§ WORK TO COMPLETE
Transcribe the lines from the start of the data below through the line with "Used 2025 Jeep", word for word and nothing more.

§ RECORDS FOR PROCESSING
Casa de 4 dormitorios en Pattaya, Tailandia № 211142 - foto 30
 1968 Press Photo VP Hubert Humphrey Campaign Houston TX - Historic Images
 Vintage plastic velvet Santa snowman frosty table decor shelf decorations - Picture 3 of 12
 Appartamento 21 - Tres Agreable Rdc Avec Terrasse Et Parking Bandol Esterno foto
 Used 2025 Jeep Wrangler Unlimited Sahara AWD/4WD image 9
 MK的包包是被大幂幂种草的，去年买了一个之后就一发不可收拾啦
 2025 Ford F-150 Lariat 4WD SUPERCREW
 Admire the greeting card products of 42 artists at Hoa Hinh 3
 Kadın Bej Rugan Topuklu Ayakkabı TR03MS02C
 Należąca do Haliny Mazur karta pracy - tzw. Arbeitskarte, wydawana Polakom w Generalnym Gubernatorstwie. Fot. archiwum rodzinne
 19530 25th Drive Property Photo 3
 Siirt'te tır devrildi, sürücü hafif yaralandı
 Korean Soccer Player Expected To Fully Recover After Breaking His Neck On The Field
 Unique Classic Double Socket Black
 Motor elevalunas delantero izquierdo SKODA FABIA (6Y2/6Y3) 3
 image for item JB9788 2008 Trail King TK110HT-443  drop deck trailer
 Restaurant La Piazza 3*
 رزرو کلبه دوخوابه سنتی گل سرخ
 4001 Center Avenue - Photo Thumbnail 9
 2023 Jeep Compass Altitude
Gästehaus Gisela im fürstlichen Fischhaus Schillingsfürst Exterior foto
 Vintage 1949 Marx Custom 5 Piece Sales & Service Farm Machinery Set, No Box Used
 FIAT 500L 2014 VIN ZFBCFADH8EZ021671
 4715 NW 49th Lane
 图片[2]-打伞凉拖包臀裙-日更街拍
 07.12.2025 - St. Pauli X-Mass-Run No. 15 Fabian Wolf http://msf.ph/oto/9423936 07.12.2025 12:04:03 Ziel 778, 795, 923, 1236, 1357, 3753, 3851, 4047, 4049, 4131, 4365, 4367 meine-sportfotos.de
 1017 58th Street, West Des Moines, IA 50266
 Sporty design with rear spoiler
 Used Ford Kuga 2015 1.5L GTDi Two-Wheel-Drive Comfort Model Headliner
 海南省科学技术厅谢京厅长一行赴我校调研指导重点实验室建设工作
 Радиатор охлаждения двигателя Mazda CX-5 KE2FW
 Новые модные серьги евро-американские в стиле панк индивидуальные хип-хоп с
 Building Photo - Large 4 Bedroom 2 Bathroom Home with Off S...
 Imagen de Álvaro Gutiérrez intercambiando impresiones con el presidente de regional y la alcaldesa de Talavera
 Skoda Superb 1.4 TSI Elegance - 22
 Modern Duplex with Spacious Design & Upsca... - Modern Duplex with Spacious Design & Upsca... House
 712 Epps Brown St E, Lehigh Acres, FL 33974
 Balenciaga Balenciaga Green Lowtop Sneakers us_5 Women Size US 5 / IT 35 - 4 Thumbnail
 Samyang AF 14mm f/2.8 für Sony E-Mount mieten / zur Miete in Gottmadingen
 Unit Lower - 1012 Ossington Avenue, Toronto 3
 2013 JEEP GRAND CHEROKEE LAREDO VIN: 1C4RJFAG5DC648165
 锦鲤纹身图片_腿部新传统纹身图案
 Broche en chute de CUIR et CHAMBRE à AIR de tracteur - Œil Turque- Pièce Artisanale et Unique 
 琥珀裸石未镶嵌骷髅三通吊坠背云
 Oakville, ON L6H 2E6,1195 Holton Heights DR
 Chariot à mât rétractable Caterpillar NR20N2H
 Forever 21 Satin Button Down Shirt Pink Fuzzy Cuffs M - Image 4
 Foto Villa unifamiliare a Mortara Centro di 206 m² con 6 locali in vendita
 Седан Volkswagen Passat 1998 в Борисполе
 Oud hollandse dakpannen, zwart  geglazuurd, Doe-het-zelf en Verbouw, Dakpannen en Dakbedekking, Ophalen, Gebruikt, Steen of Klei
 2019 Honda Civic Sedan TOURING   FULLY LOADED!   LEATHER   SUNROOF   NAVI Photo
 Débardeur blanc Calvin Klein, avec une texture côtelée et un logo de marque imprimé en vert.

§ RESPONSE FOR THIS EXERCISE
Casa de 4 dormitorios en Pattaya, Tailandia № 211142 - foto 30
 1968 Press Photo VP Hubert Humphrey Campaign Houston TX - Historic Images
 Vintage plastic velvet Santa snowman frosty table decor shelf decorations - Picture 3 of 12
 Appartamento 21 - Tres Agreable Rdc Avec Terrasse Et Parking Bandol Esterno foto
 Used 2025 Jeep Wrangler Unlimited Sahara AWD/4WD image 9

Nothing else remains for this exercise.